▶ INSTRUCTIONS TO FOLLOW
Print the entries exactly as they appear, and omit any images.

● ● ●

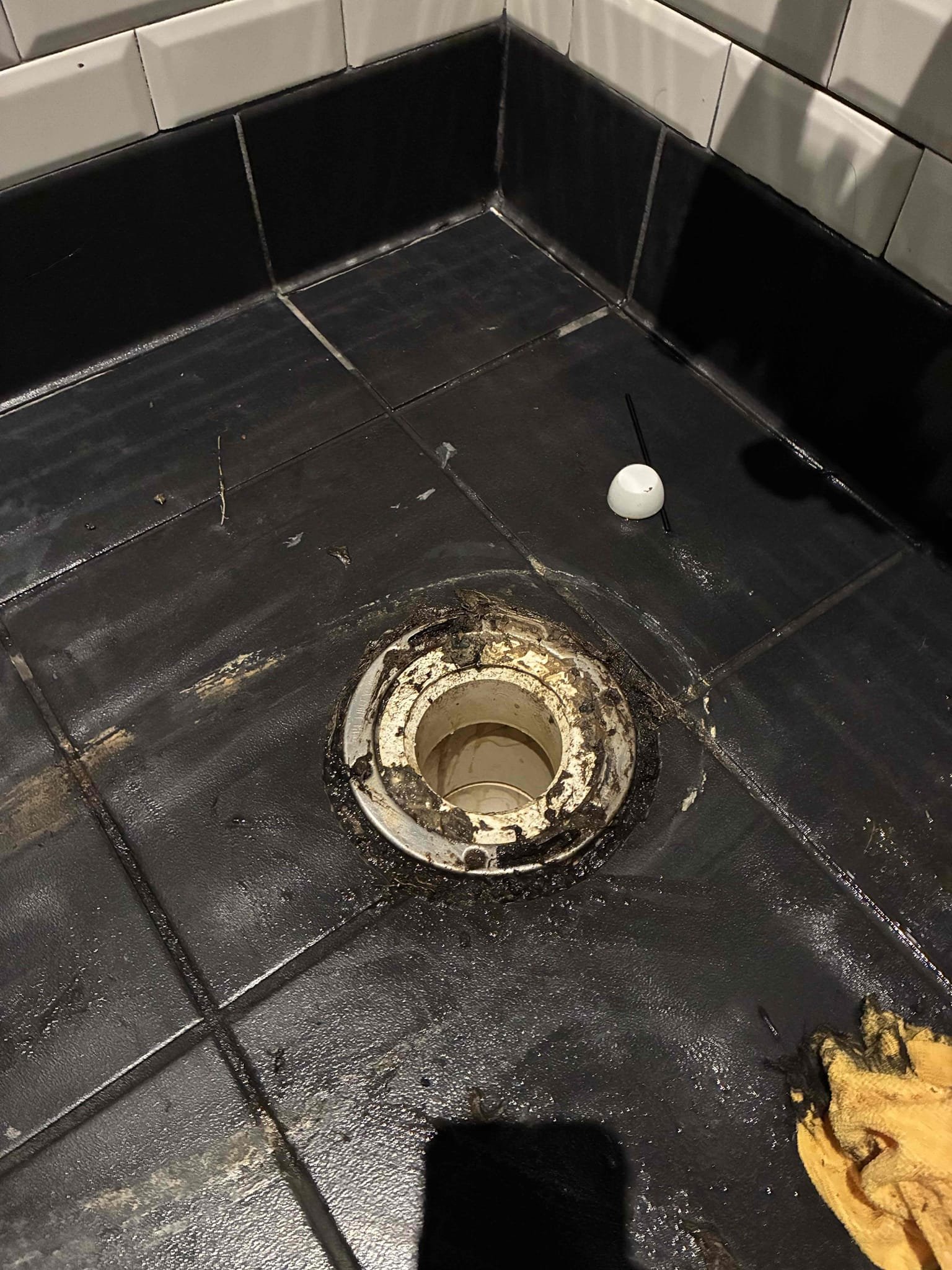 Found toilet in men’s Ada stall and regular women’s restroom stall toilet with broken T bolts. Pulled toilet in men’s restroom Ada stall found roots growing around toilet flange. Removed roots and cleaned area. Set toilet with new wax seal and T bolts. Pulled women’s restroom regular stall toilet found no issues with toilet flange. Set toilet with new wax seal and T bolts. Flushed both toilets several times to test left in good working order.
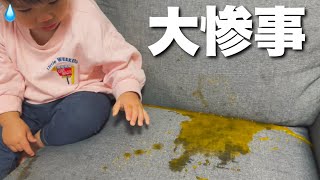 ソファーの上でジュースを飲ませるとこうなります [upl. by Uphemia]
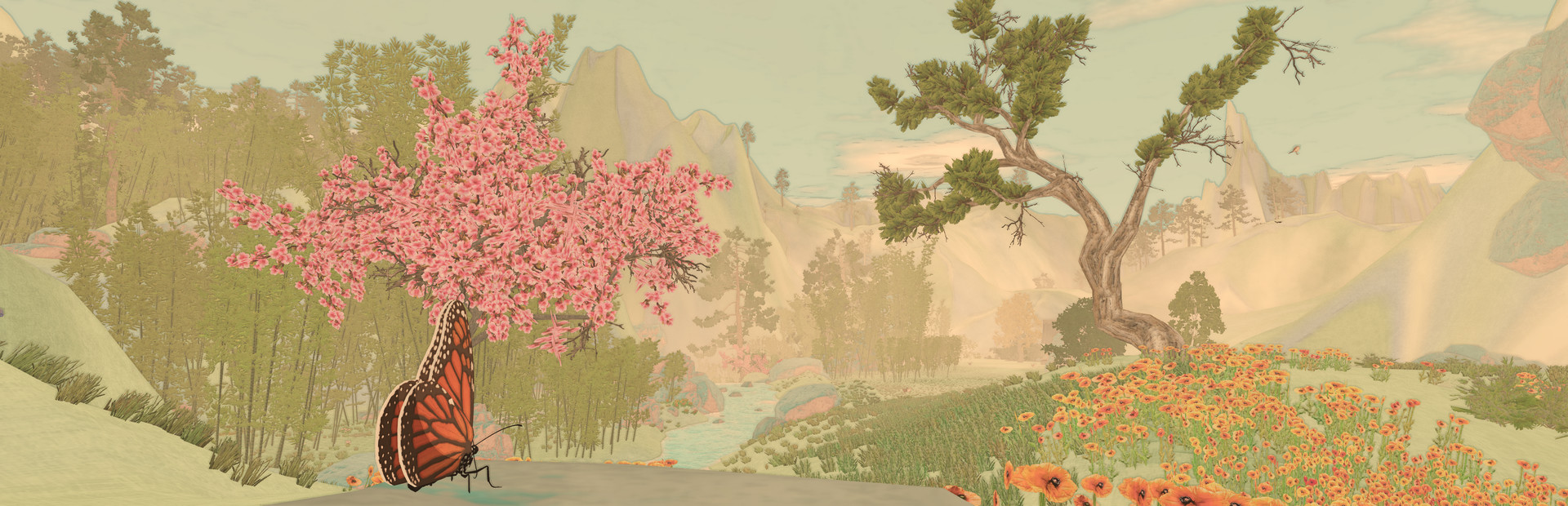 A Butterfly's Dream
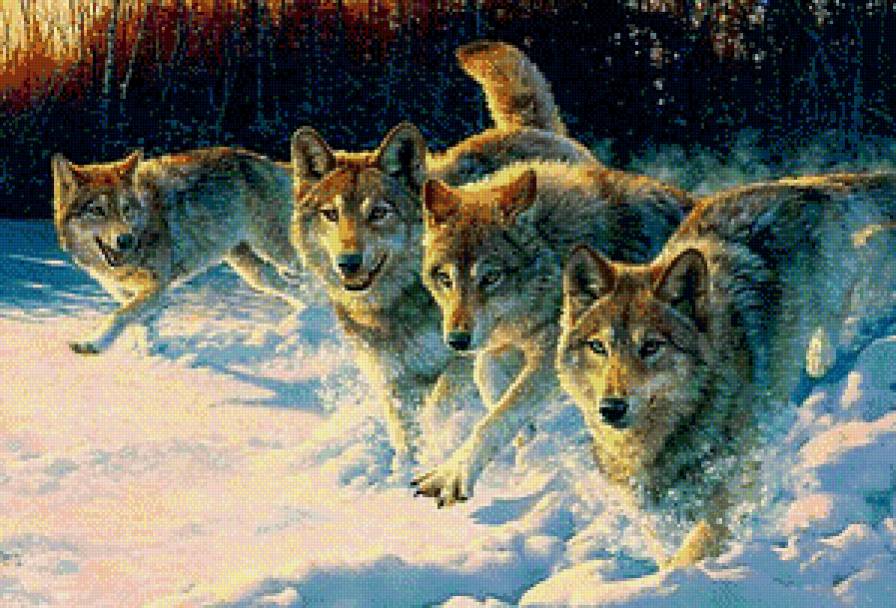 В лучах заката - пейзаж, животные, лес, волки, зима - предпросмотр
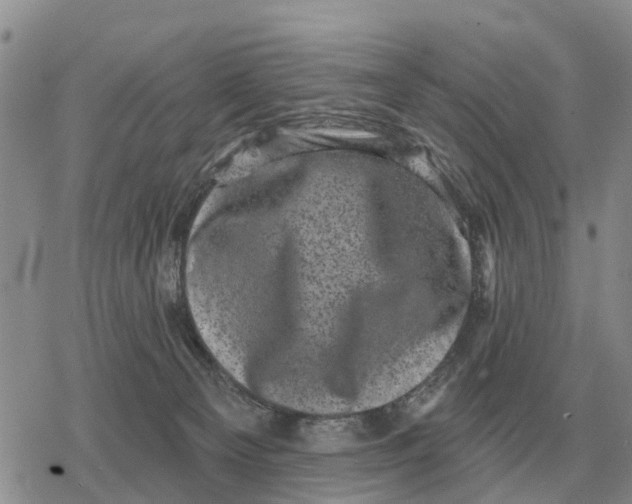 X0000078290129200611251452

● ● ●

▶ SOLUTION TO THIS PROBLEM
 Found toilet in men’s Ada stall and regular women’s restroom stall toilet with broken T bolts. Pulled toilet in men’s restroom Ada stall found roots growing around toilet flange. Removed roots and cleaned area. Set toilet with new wax seal and T bolts. Pulled women’s restroom regular stall toilet found no issues with toilet flange. Set toilet with new wax seal and T bolts. Flushed both toilets several times to test left in good working order.
 ソファーの上でジュースを飲ませるとこうなります [upl. by Uphemia]
 A Butterfly's Dream
 В лучах заката - пейзаж, животные, лес, волки, зима - предпросмотр
 X0000078290129200611251452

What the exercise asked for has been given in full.